International jeweller Laurence Graff paid 16.39 million pounds ($24.3 million) for the Wittelsbach diamond at a Christie’s auction in London on December 10. It was the highest price ever paid for any diamond or piece of jewellery sold at auction.
The price achieved in the highly competitive sale, which featured strong interest from professional jewellers and private collectors, was well above a pre-sale estimate of around 9 million pounds.
London’s Bond Street
The previous record price for a diamond sold at auction was $16.5 million, for a 100-carat diamond sold in Geneva in 1995.
The 35.56-carat, VS2 clarity fancy deep greyish-blue Wittelsbach diamond came to the international market for the first time in almost 80 years.
Just a few weeks before the Wittelsbach diamond sale, at an auction in Geneva in November, Christie’s sold a 42.28-carat Kashmir sapphire ring for a world record price for a sapphire of nearly $3.5 million.
In another strong result recently, at Christie’s New York sale on December 11, a pair of pear-shaped D Flawless diamonds of 17.01 and 17.79 carats, inscribed by Forevermark, sold for a total of $3.55 million – or a solid $102,000 per carat.
A circular-cut E Potentially Flawless diamond of 10.28 carats, by JAR, sold for $1.06 million – or $103,000 per carat.
Bond Street jewellers say that special, very fine gemstones are achieving as strong prices as ever, because people understand and appreciate their rarity.
A DIAMOND’S HISTORY
Provenance also boosts value, as in the case of the historic, 17th century Wittelsbach diamond which had been owned by Spanish and German royalty.
The diamond, which came from an Indian diamond mine, was part of the dowry of the Infanta Margarita Teresa (1651-1673) upon her engagement to Leopold I of Austria (1640-1705).
After the princess’s death her husband kept the dowry and the diamond was passed on to his heirs.
In 1722 the diamond entered the Wittelsbach family, on the occasion of the marriage of Archduchess Maria Amalia of Austria (1701-1756) to the Bavarian Crown Prince, Charles Albert (1697-1745), and became a prized family possession.

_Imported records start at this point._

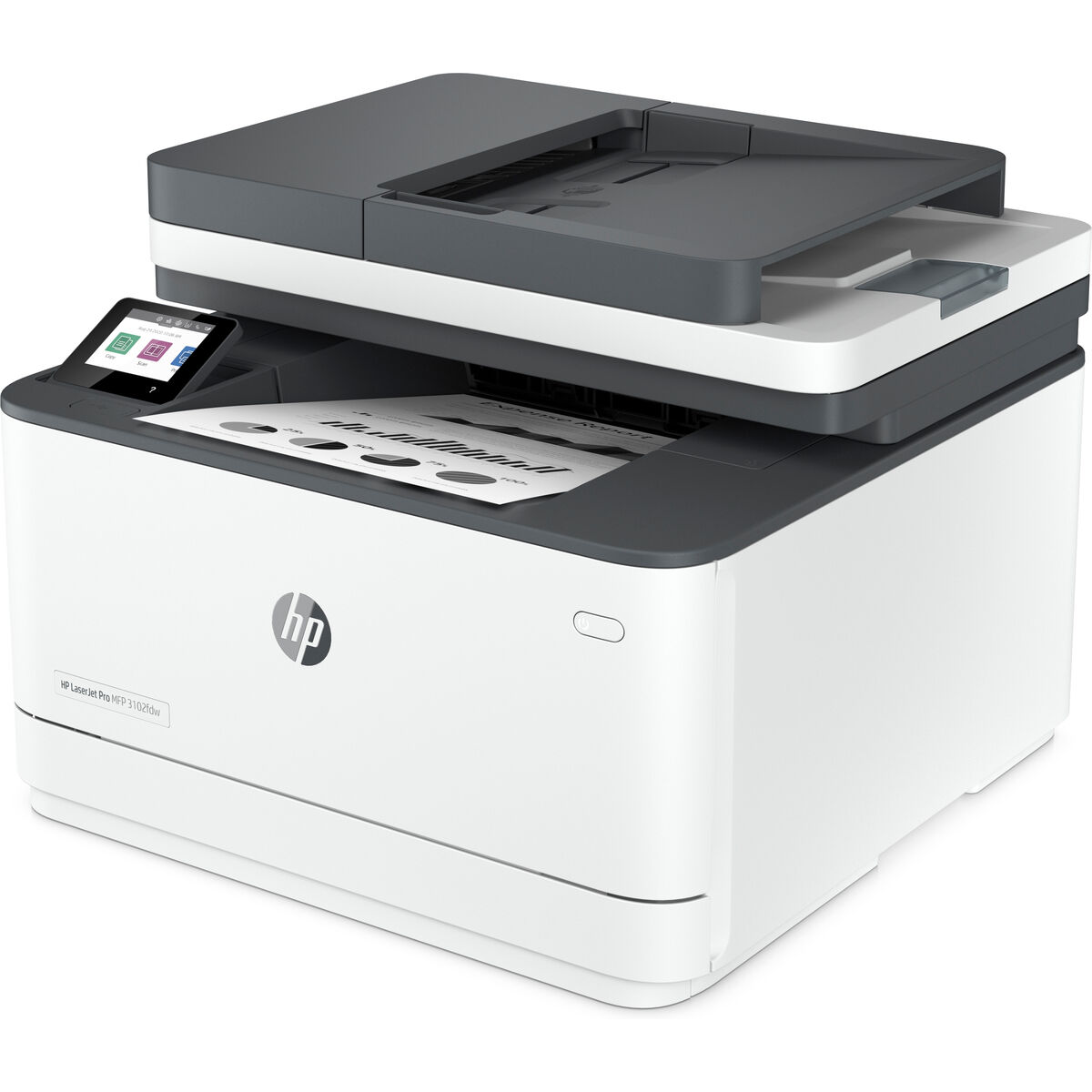 Multifunctionele Printer HP 3G630F#B19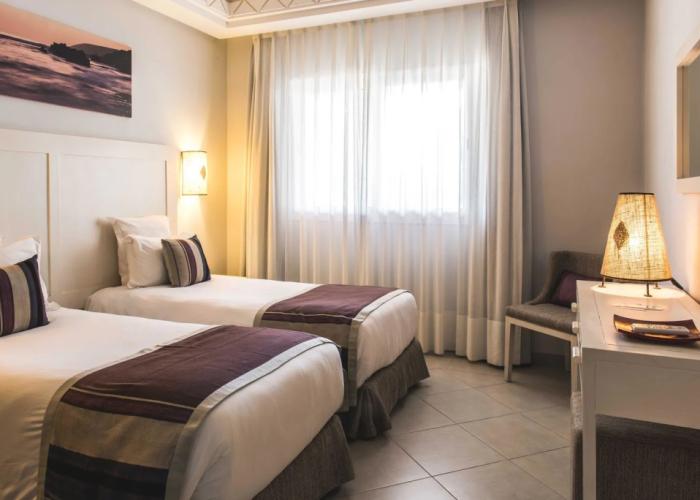 Paradis Plage Surf Yoga & Spa resort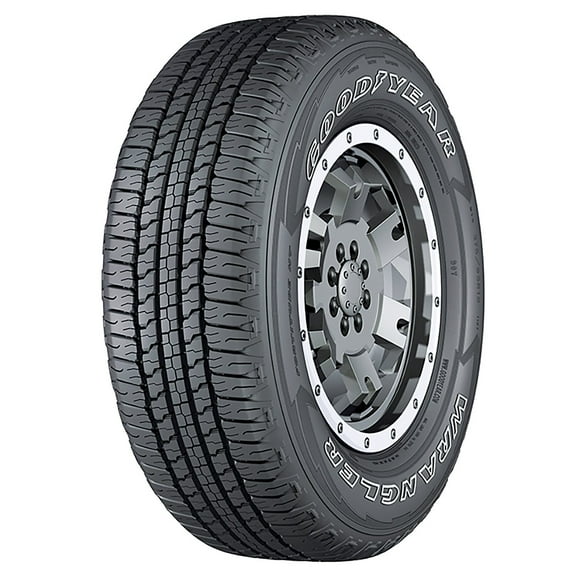 Goodyear Wrangler Fortitude HT - 265/70R17 115T Tire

It was sold from a private collection, where it has been since 1964.
WORLD RECORD PRICE
Jewellers say exceptional diamonds will continue to command sky-high prices despite the gloomy outlook for the world economy.
“It doesn’t come as a surprise,” said Alisa Moussaieff of top fine jeweller Moussaieff, referring to the world record price achieved by the Wittelsbach diamond.
“It’s a fair price,” she added. “It (prices of exceptional diamonds) will go higher and higher.”
Other jewellers supported her view that the most exclusive of jewels and gemstones, especially those with provenance, would buck consumer trends in luxury goods.
Exceptional luxury goods – custom-made or bespoke items ranging from diamonds to limited-edition watches, hand-made crocodile backgammon sets and hand-crafted mobile phones made from precious materials – are defying the economic downturn, because high net-worth customers appreciate exclusivity.
However, for middle-of-the-range diamonds and jewellery, retail markets are proving very challenging before Christmas as the economic downturn bites.
Even fine jewellers in London are seeing patchy trade, and business is likely to remain mixed if economic conditions worsen in 2009.